■ About this exercise
Leave out every picture, and output exactly the lines from the line containing "Tofas: Model: Tofaş" through the last line of the data.

■ Information provided
#####
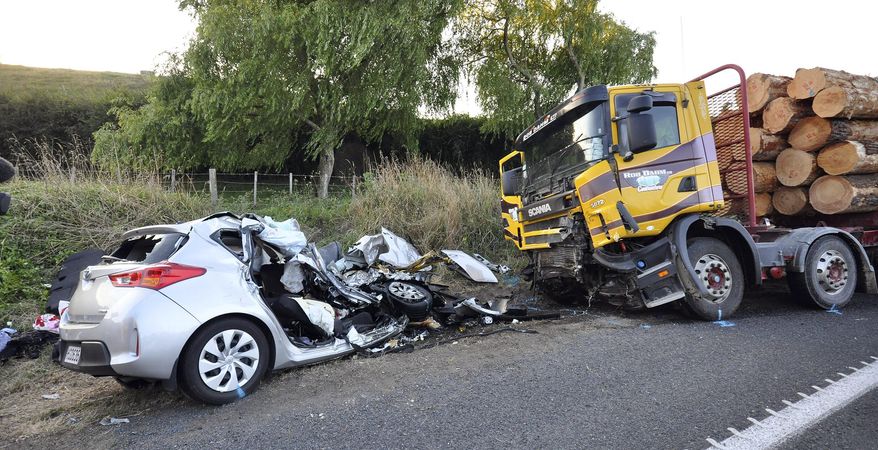 In this Tuesday Feb. 17, 2015 photo, a car and a logging truck sit damaged after they collided head-on near Tokoroa, New Zealand. New Zealand authorities said Thursday, Feb. 19 that U.S. citizens Warren Lee, his wife Aesoon Lee and the couple's daughter, Julia Lee were killed and their son critically injured when their car crashed into the logging truck. (AP Photo/NZ Herald, John van de Ven) AUSTRALIA OUT, NEW ZEALAND OUT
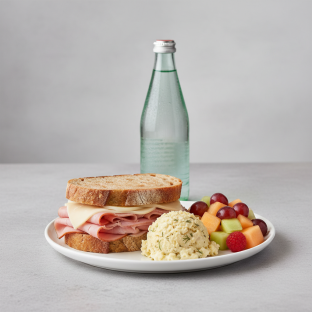 Ham and Cheese Sandwich, Potato Salad, Fruit, Sparkling Water Ham and Cheese Sandwich, Potato Salad, Fruit, Sparkling Water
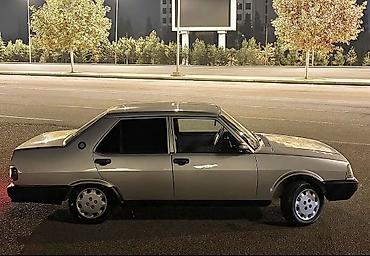 Tofas: Model: Tofaş Şahin (sedan) Kuzov: 4 qapılı, gümüşü rəng, qara plastik — 1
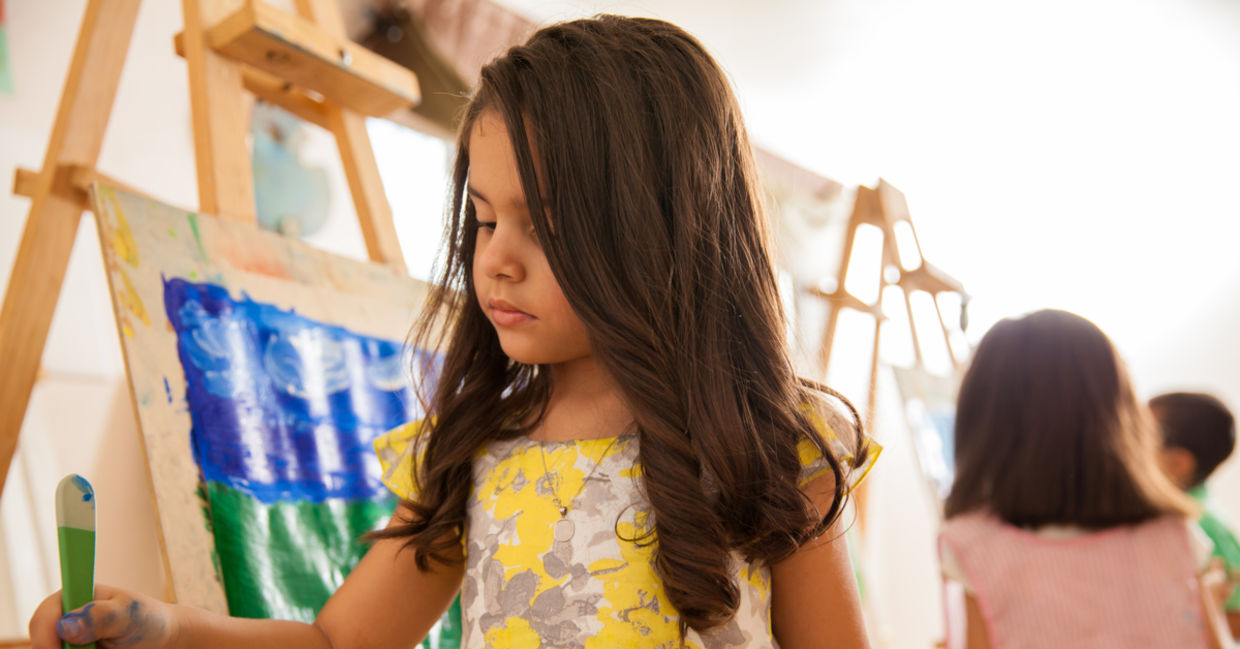Little girl painting with bright colors Little girl painting with bright colors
#####
■ Solution to the exercise
 Tofas: Model: Tofaş Şahin (sedan) Kuzov: 4 qapılı, gümüşü rəng, qara plastik — 1
Little girl painting with bright colors Little girl painting with bright colors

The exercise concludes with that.